02. Semantic Chunking at Scale
Fixed-size chunking ignores document structure. Semantic chunking identifies natural topic boundaries and splits accordingly, improving retrieval relevance by preserving coherent units.
Sentence splitting forms the foundation. Naive regex-based splitting fails on abbreviations, decimal numbers, and edge cases. Use a tokenizer-aware splitter that understands sentence boundaries in your target language.
Paragraph detection identifies topic shifts within documents. Sections separated by blank lines or headings typically represent distinct concepts. Long paragraphs may contain multiple sub-topics requiring subdivision.
Hierarchical merging combines short segments up to a target size while respecting semantic boundaries.
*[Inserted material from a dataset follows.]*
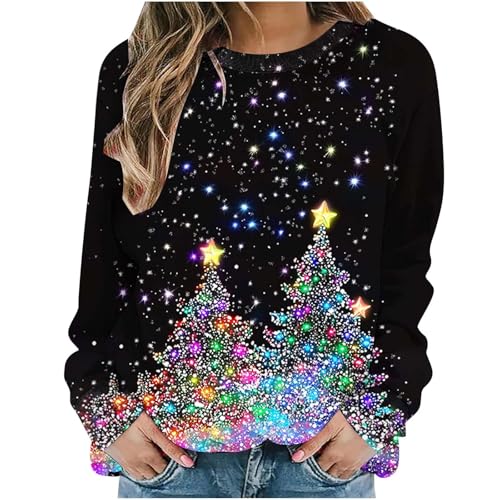 Keepink Sparkly Christmas Jumpers for Women UK Oversized Round Neck Pullover Womens Glitter Christmas Tree Print Sweatshirt Ugly Xmas Sweater Holiday Party Tops Funny Outfits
Merge paragraphs until reaching the target chunk size, but stop at heading boundaries.
import re
from typing import List, Tuple
def semantic_chunk(
text: str,
min_chunk_size: int = 100,
max_chunk_size: int = 500,
overlap: int = 50
) -> List[Tuple[str, dict]]:
"""Split text into semantically coherent chunks with overlap."""
# Split into paragraphs at blank lines
paragraphs = re.split(r'\n\s*\n', text)
chunks = []
current_chunk = []
current_length = 0
for para in paragraphs:
para = para.strip()
if not para:
continue
para_length = len(para)
# If single paragraph exceeds max, split by sentences
if para_length > max_chunk_size:
sentences = split_into_sentences(para)
for sentence in sentences:
if current_length + len(sentence) > max_chunk_size:
if current_chunk:
chunks.append(('\n'.join(current_chunk), {}))
current_chunk = []
current_length = 0
# Carry overlap
if overlap > 0 and current_chunk:
current_chunk = current_chunk[-1:]
current_chunk.append(sentence)
current_length += len(sentence)
else:
if current_length + para_length > max_chunk_size:
chunks.append(('\n'.join(current_chunk), {}))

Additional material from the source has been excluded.